I’m preparing my backlist for re-release, and hoping to build on whatever momentum I create to move forward in my career.  Traditional publishers want something new; most of them are reluctant to take on a backlist, unless you’ve hit major traditional best-seller lists.  Many of my decisions are the result of sitting down with people I trust to discuss and figure out what I want and need from my career moving forward, and what was working and not working FOR ME. “This is what’s done” isn’t working FOR ME, and I need to create campaigns that work on both creative and financial levels. Sticking to someone else’s formula limits me. Therefore, I have to come up with my own.

It’s not that I have the ego to think I’m so brilliant that I can create an entirely new model. But I want to find a way to engage and expand my readership with my backlist that encourages them to continue on the journey with me for new releases, some of which will be released traditionally, and some of which will be released in channels that haven’t been invented yet. I have to find the best marriage for each individual project. I need to balance business and creativity.

If I’m only going to focus on sales, on the business aspect, I might as well work full time for a packager and only do for-hire work. Nothing wrong with for-hire work; it can be great fun and a way to build craft, especially if it pays fairly. But the reason I write is to make sense of the world, and to find a greater understanding of the people in it. That means I need to work on whatever interests/bothers/upsets/intrigues me. Which may not coincide with what is thought to “sell”. And yet, it may be what certain readers are looking for or yearning for.

Agents and publishers don’t know what WILL sell. They know what HAS sold. Every submission is a gamble, and they have to make their best guess.  They want the next big thing, but no one knows what that is until it’s there. They have to be careful where they invest their time and energy. Where are they willing to take chances?

I completely respect that. Some projects I write will resonate with them; some will not. It’s like dating — you’re unlikely to find your soul mate the first time out. You keep going. And there might be a few heartbreaks along the way. That doesn’t mean either party is “bad”; it means they’re not a good match. You learn and move on to a hopefully better one.

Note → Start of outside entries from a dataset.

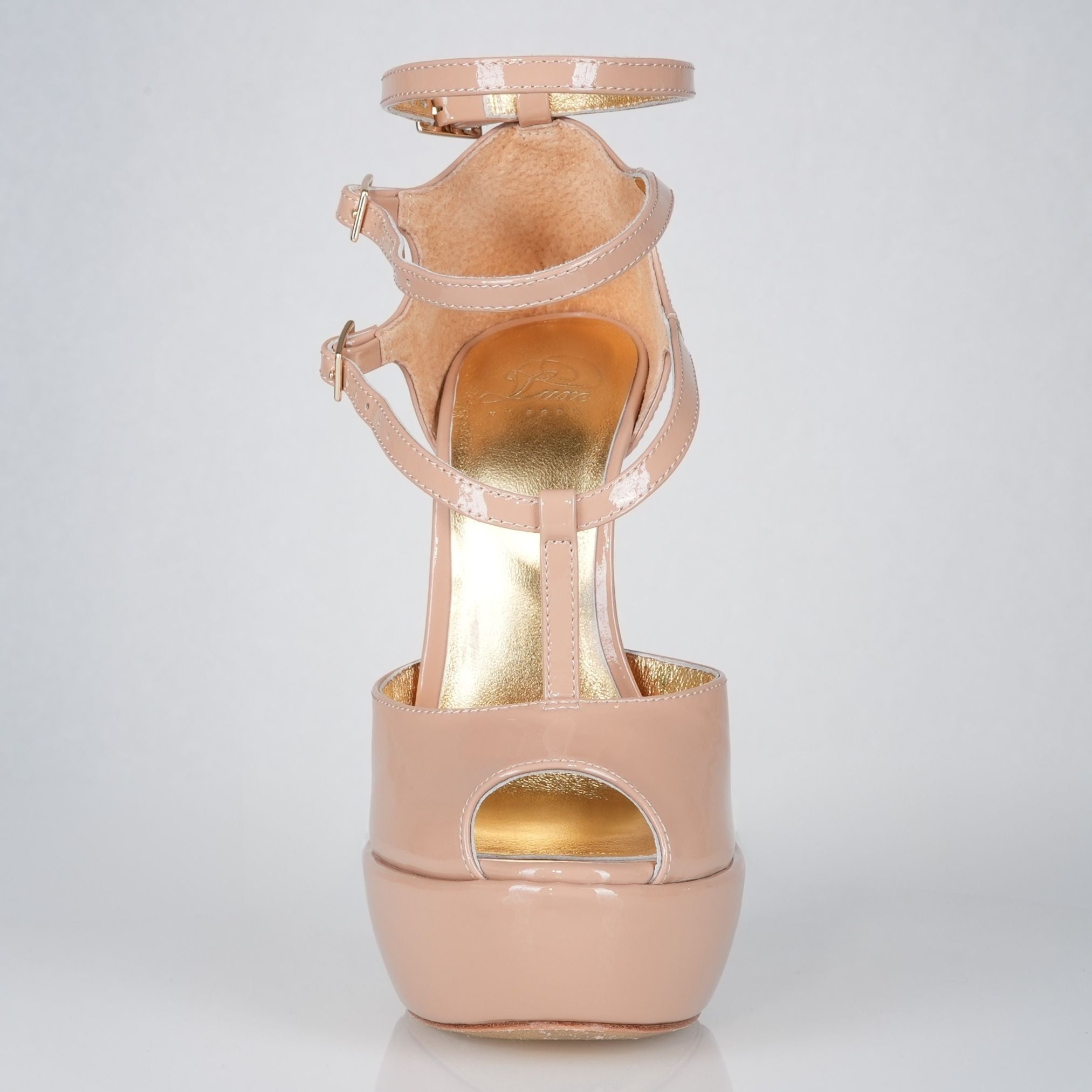 Princess beige patent high heel sandals, 160mm superarch, 6 inch stilettos, Luxe My Body, front view.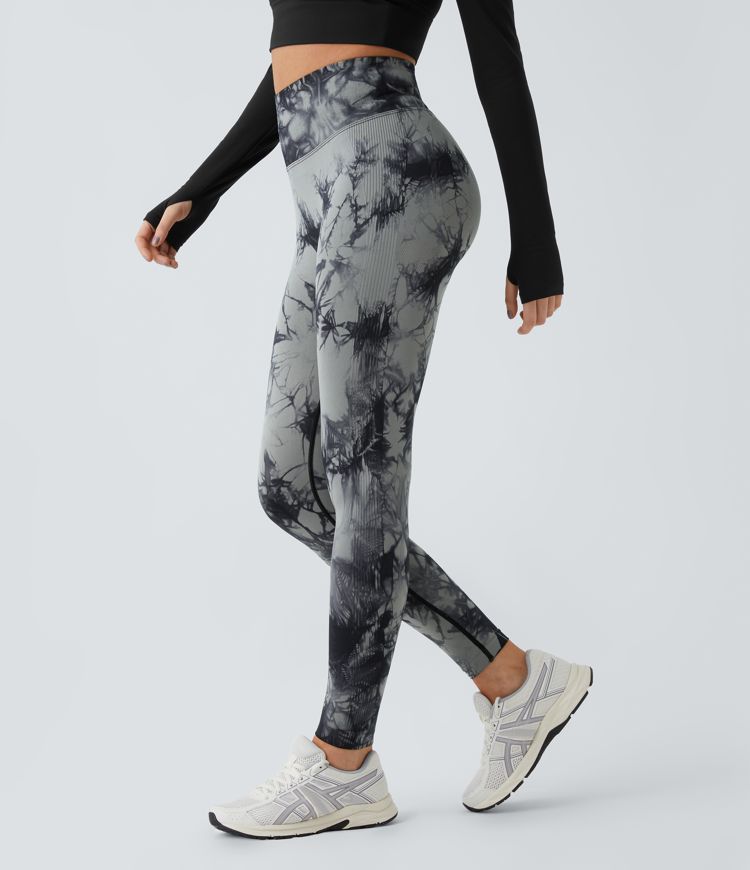 oneform seamless flow yoga leggings met hoge taille en tie-dye print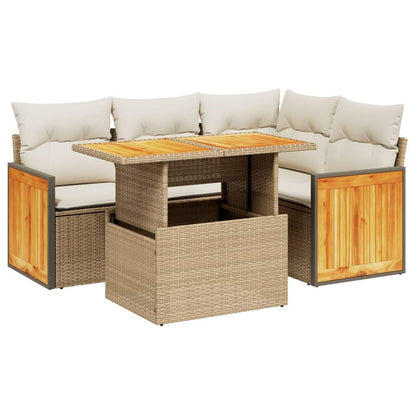 Set Divano da Giardino 5 pz con Cuscini Beige in Polyrattan - homemem39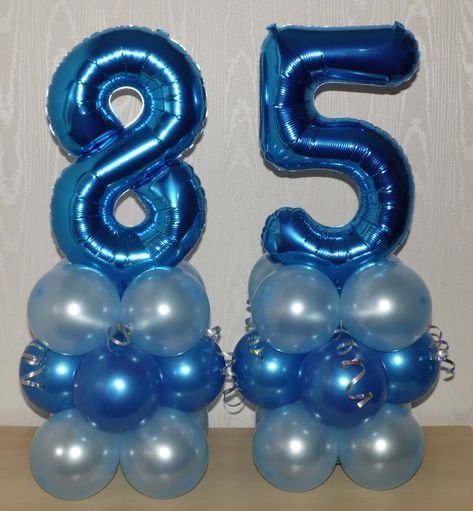 16 INCH FOIL BIRTHDAY BALLOONS ON  A BASE DISPLAY MAKES A GREAT TABLE CENTERPIECE THIS IS A EASY TO MAKE DIY KIT AND INCLUDES ALL YOU NEED TO MAKE THIS DISPLAY  NO HELIUM IS REQUIRED AS THE BALLOONS ARE AIR FILLED THE ITEMS IN THIS PACKAGE INCLUDES:  2 x 16 inch NUMBER FOIL BALLOON 20 x 5 inch LIGHT BLUE BALLOONS  (1 spare) 10 x 5 inch DARK BLUE BALLOONS   (1 spare ) A  LENGTH OF SILVER HOLOGRAM RIBBON A LENGTH OF WHITE TYING  RIBBON 1 INSTRUCTION SHEET When making your payment through paypal yo Dark Blue Balloons, Light Blue Balloons, Tying Ribbon, 40th Birthday Balloons, Garland Balloon, Helium Balloons Birthday, Balloon Tower, Girls Party Decorations, 85th Birthday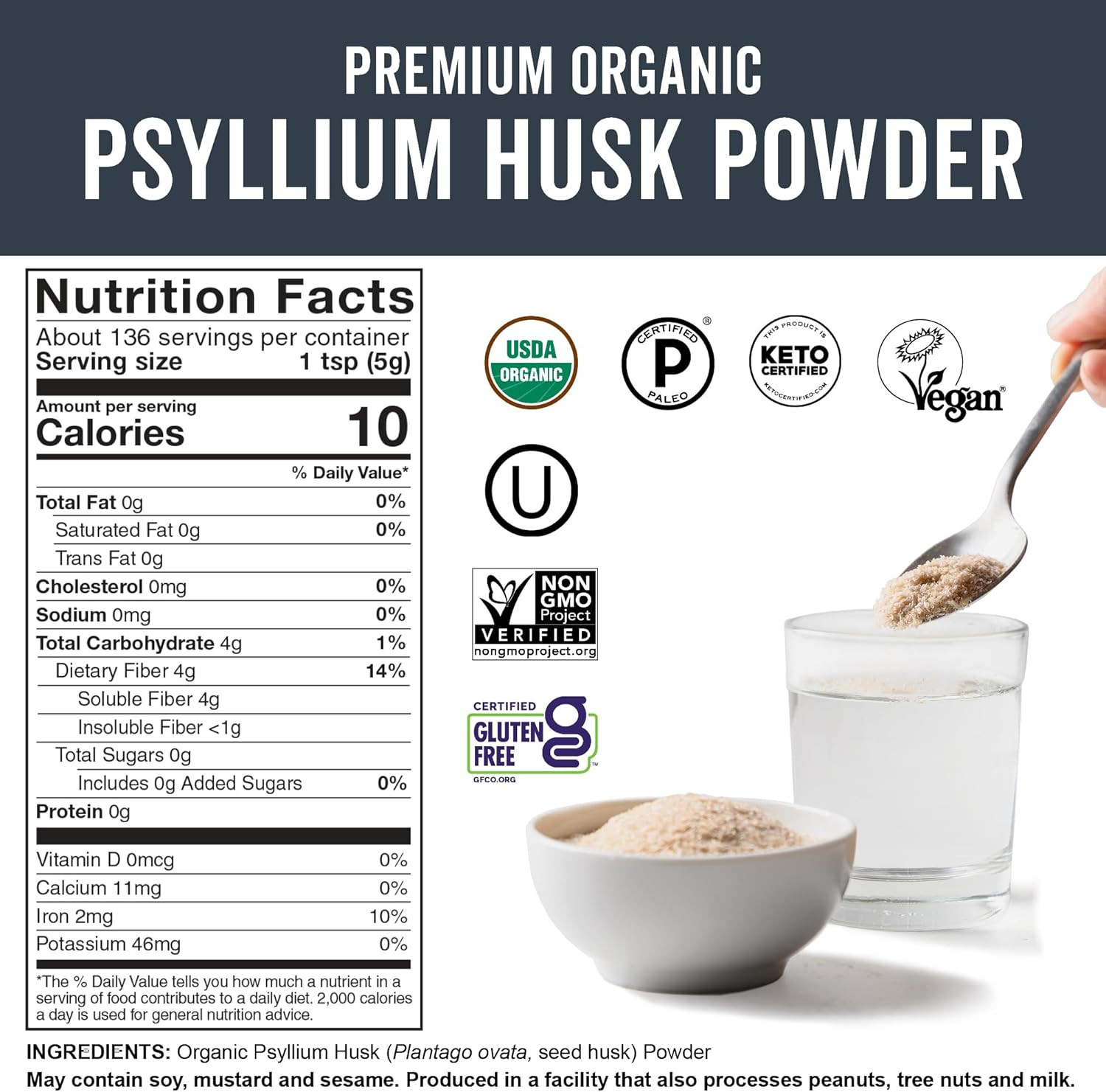Organic Psyllium Husk Powder, 24 Oz – Finely Ground, Unflavored, Vegan, Keto, Pa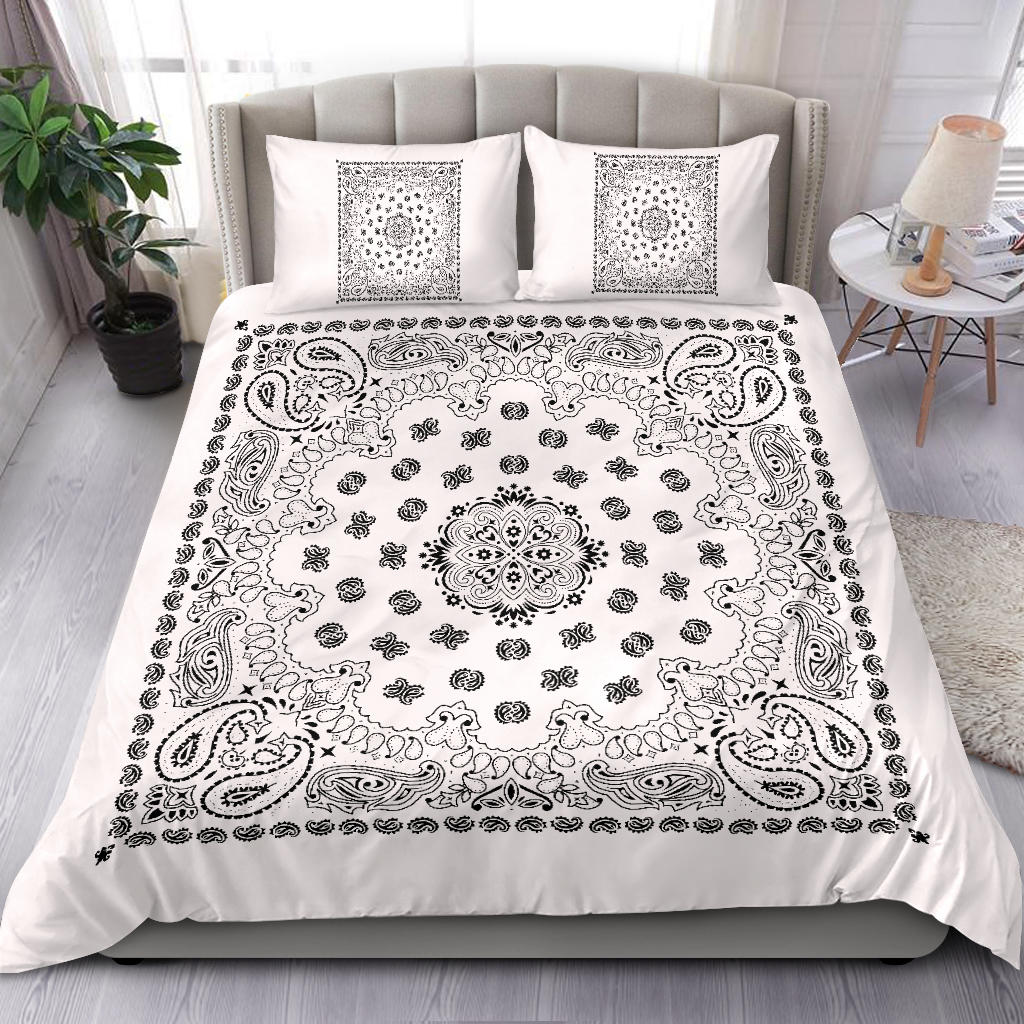 D4 Duvet Cover Set - Traditional White Bandana w Shams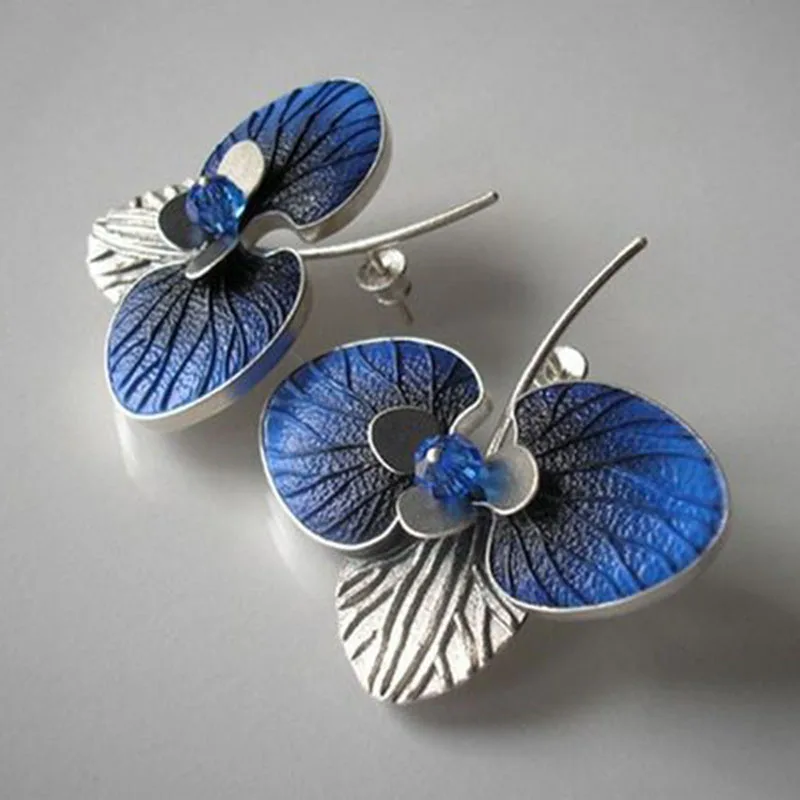 Elegante blaue Emaille-Ohrringe aus hochwertigem Sterling Silber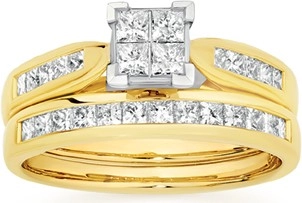 18ct Gold Diamond Princess Cut Bridal Set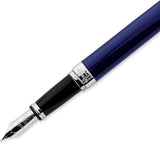Waterman Exception Slim Blue Fountain Pen | Silver Trim | New | Minor Cosmetic Scratch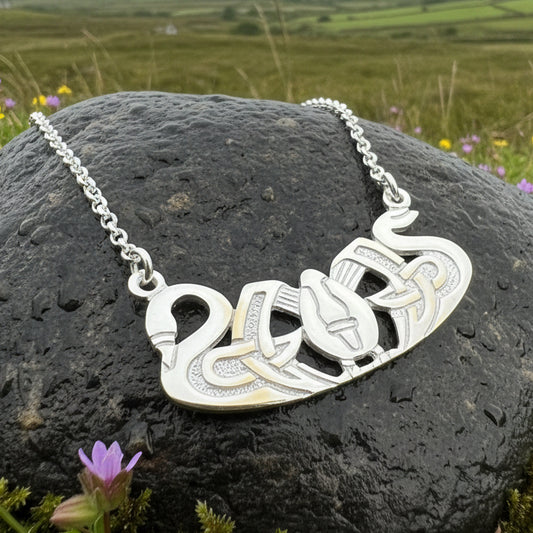 Norse Three Nornes Swan Necklace - Handmade in Scotland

Far too much of the business is run on “everyone does this” and “that’s the way it’s done.” Not every channel works for every book and author. Readers want good deals; bookstores and libraries face ever-tightening budgets, and they have to be particular about where they spend their money. Amazon, for all its convenience, seems to be turning to a model to actively prevent authors from earning a fair return on their work, between the bots that manipulate rankings, arbitrary dismissal of legitimate reviews in favor of badly written, poorly spelled reviews by unqualified individuals with an axe to grind, and sabotaging publishers by pushing cheaper second-hand deals.

I have several re-releases I want to put back out into the world, with the hope that they’ll start earning their keep, continue to build an audience, and pave the way for the next books in their series, and help build a solid platform while I continue, with new work, to pursue more traditional outlets. The goal of each book is that the storytelling and craft improves from the previous book, which means every book becomes a better experience. For re-releases, I can apply what I’ve gained in craft to the release, and thereby position the next book even more strongly, because I’ve got a firmer foundation on which to build.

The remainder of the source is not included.